---- Records for this task

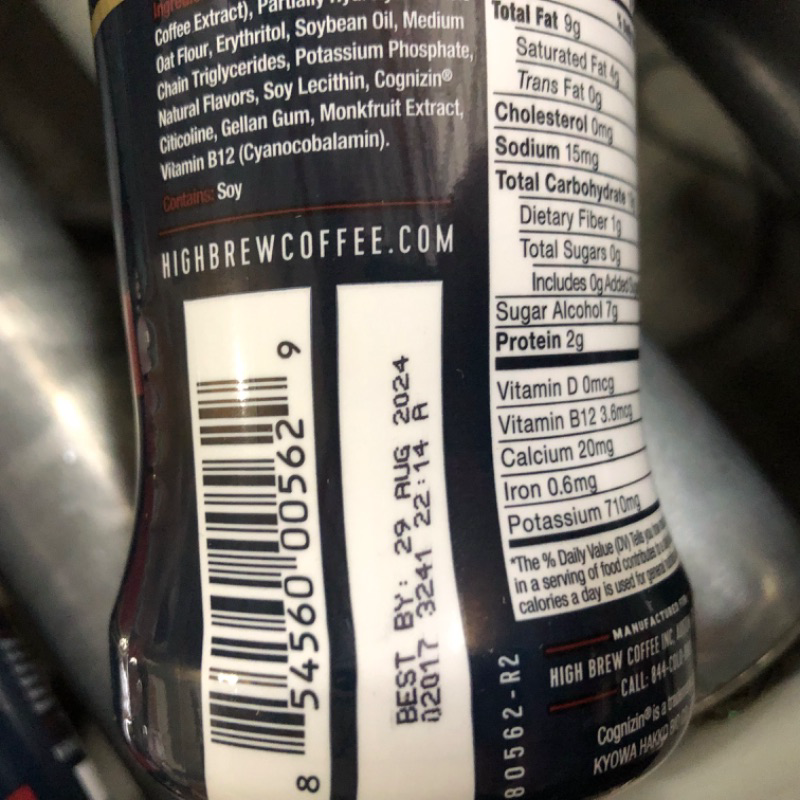 Photo 1 of **NON-REFUNDABLE FOOD PRODUCT 4PC**High Brew Coffee, Smart Coffee, Oatmilk Latte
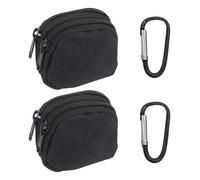 2Pcs Mini Fanny Packs, 2Pcs Carabiners, Tactical Fanny Pack, Belt Organizer, Tactical Gear, Hiking Gear, Mini Wallet Keychain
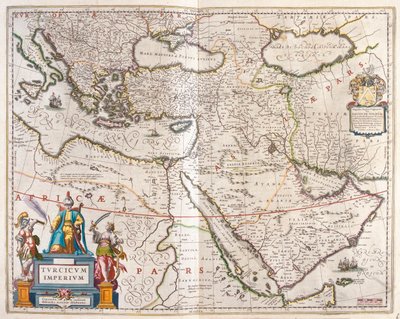 Imperium tureckie, w "Theatrum Orbis Terrarum, sive Atlas Novus" Willema Blaeu, Amsterdam autorstwa Willem Blaeu
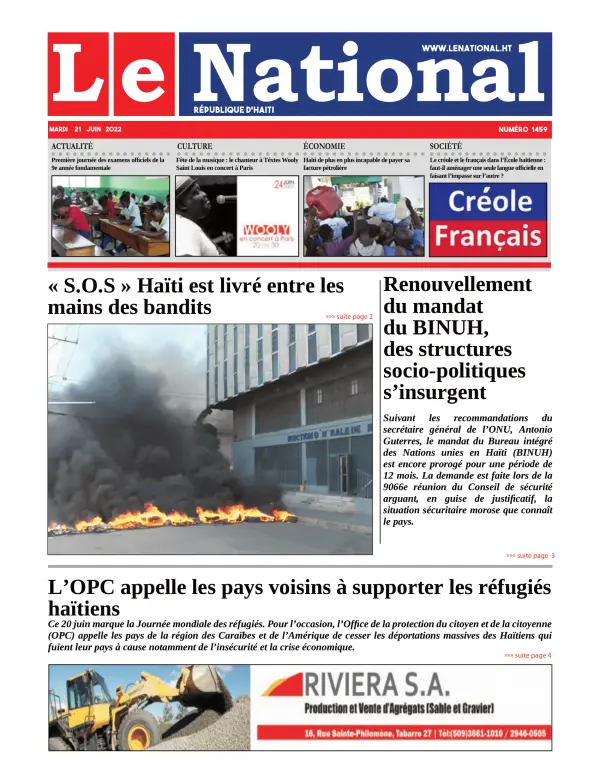 Une de l'édition 1459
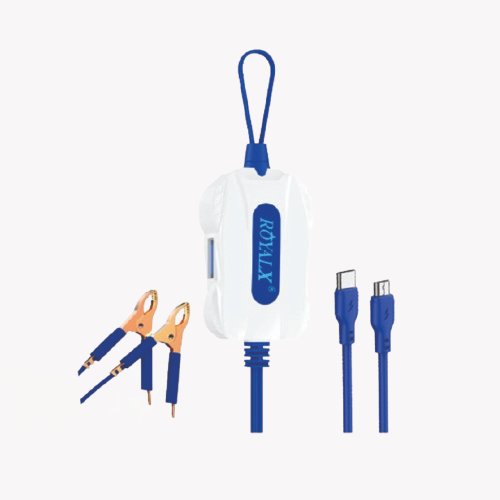 R-555 Charger | 2.4A Fast Type-C & Micro
Royalx Pakistan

--------

§ Work to complete
Pictures should be left out when the records above are restated exactly.

§ Expected answer
 Photo 1 of **NON-REFUNDABLE FOOD PRODUCT 4PC**High Brew Coffee, Smart Coffee, Oatmilk Latte
 2Pcs Mini Fanny Packs, 2Pcs Carabiners, Tactical Fanny Pack, Belt Organizer, Tactical Gear, Hiking Gear, Mini Wallet Keychain
 Imperium tureckie, w "Theatrum Orbis Terrarum, sive Atlas Novus" Willema Blaeu, Amsterdam autorstwa Willem Blaeu
 Une de l'édition 1459
 R-555 Charger | 2.4A Fast Type-C & Micro
Royalx Pakistan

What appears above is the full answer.